[Saved entries]
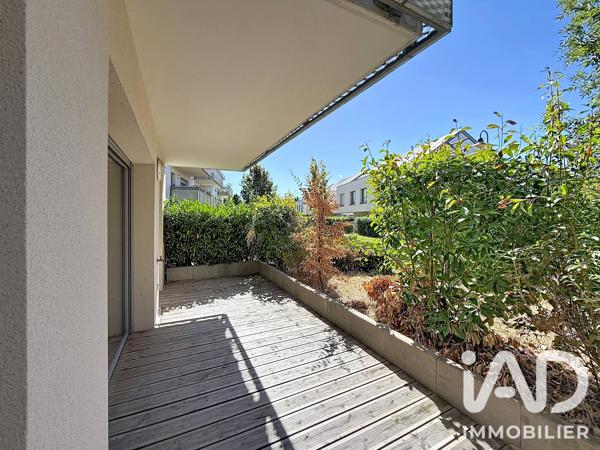 Appartement à vendre 4 pièces 86,3 m² Chessy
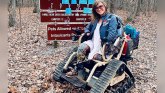 Amerika i osobe sa invaliditetom: U dodiru sa prirodom pomoću kolica pogodnih za sve terene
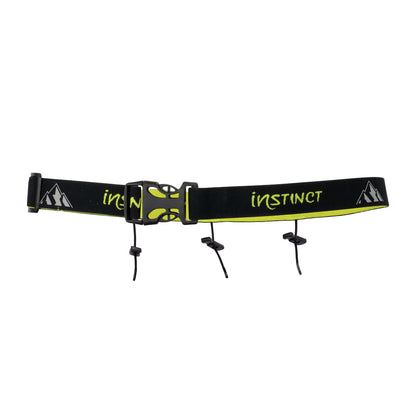 Instinct Race Number Belt
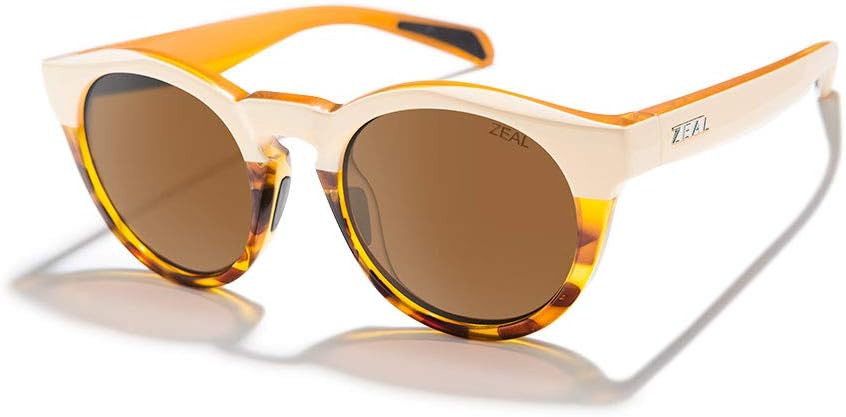 Zeal Optics Crowley | Plant-Based Polarized Sunglasses for Men & Women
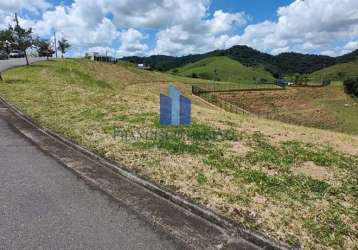 Lote para venda em volta redonda, alphaville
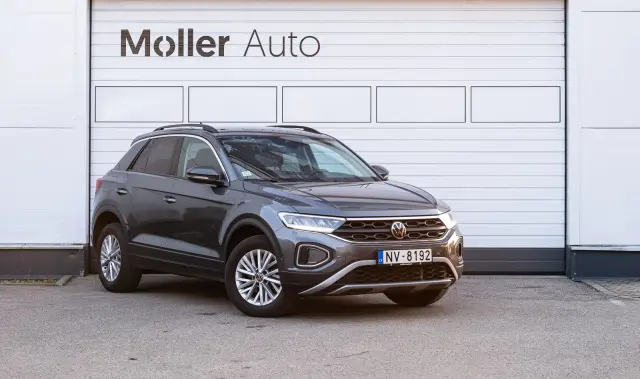 Image of Volkswagen T-Roc 110kW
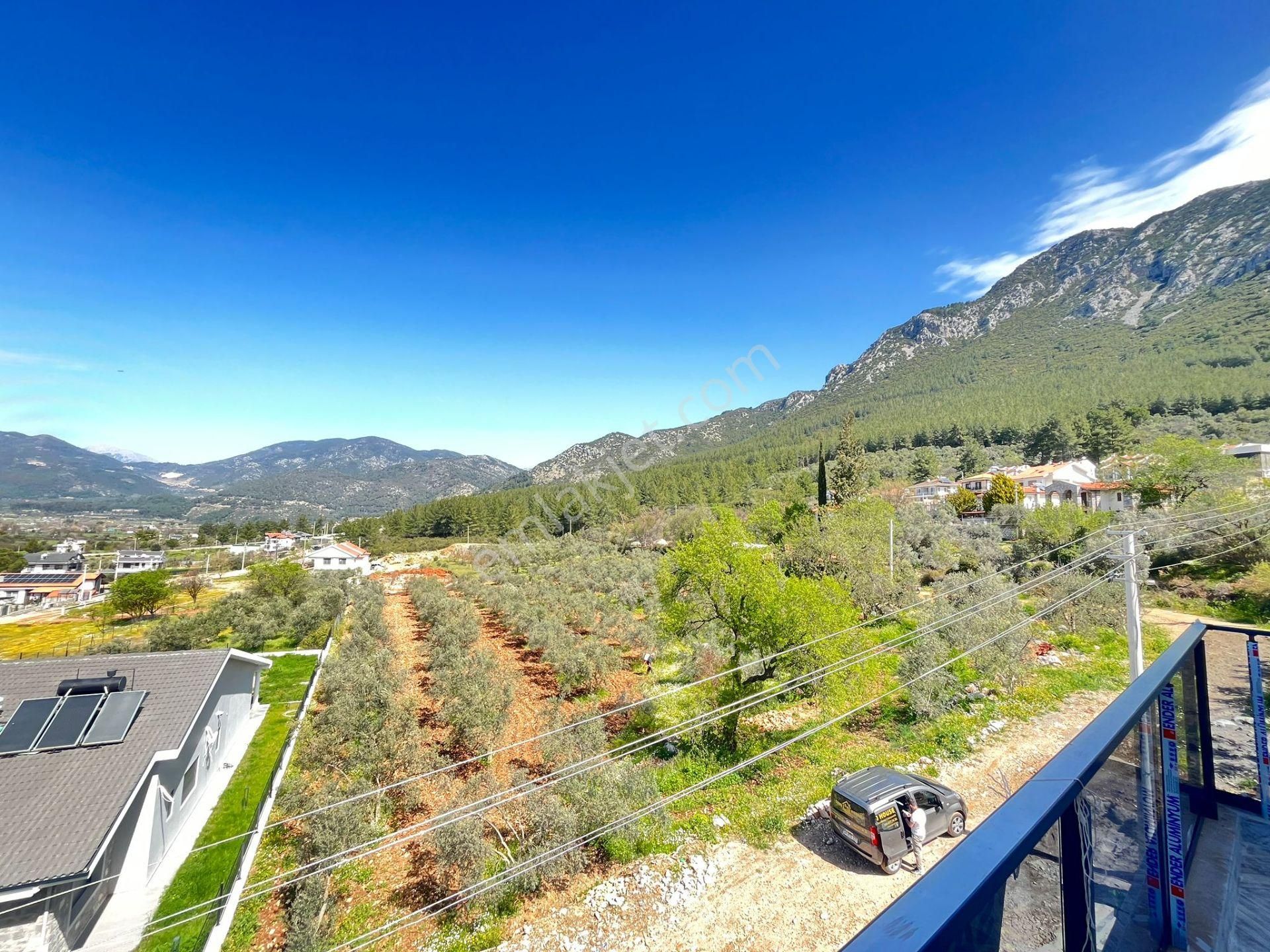 Goldhouse Dan Satılık Fethiye Yeşilüzümlü De 4+1 Müstakil Villa - Görsel 26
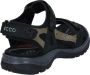 ECCO Women's Offroad Yucatan Sandal Sandalen zwart - Thumbnail 11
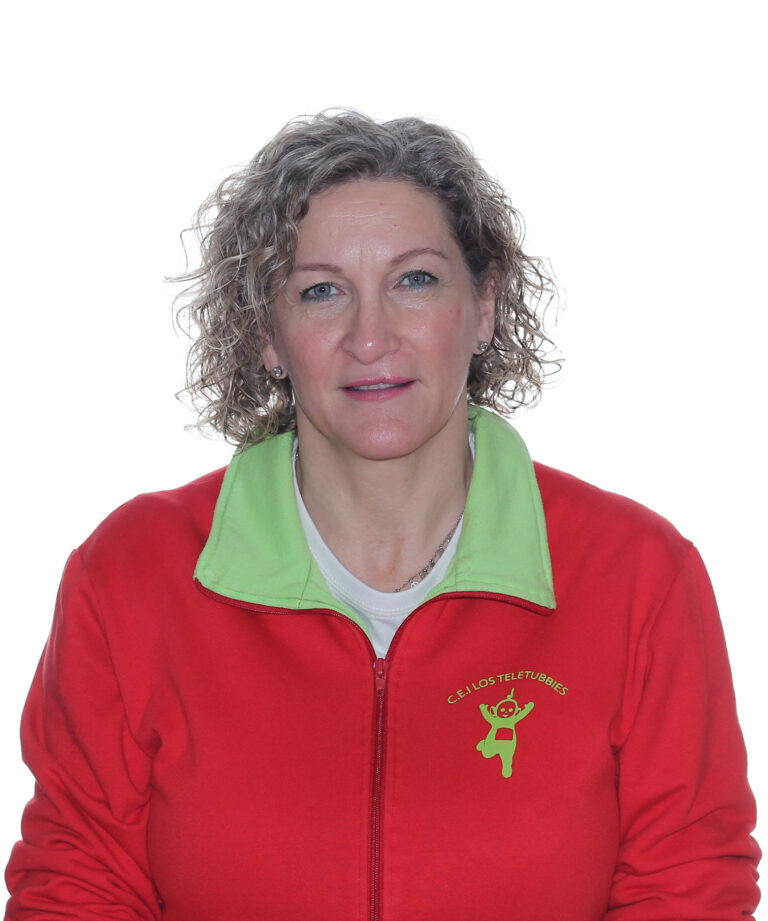 Equipo educativo de C.E.I Teletubbies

* **Exercise details**
Print the data again word for word, pictures excluded.

* **Exercise answer**
 Appartement à vendre 4 pièces 86,3 m² Chessy
 Amerika i osobe sa invaliditetom: U dodiru sa prirodom pomoću kolica pogodnih za sve terene
 Instinct Race Number Belt
 Zeal Optics Crowley | Plant-Based Polarized Sunglasses for Men & Women
 Lote para venda em volta redonda, alphaville
 Image of Volkswagen T-Roc 110kW
 Goldhouse Dan Satılık Fethiye Yeşilüzümlü De 4+1 Müstakil Villa - Görsel 26
 ECCO Women's Offroad Yucatan Sandal Sandalen zwart - Thumbnail 11
 Equipo educativo de C.E.I Teletubbies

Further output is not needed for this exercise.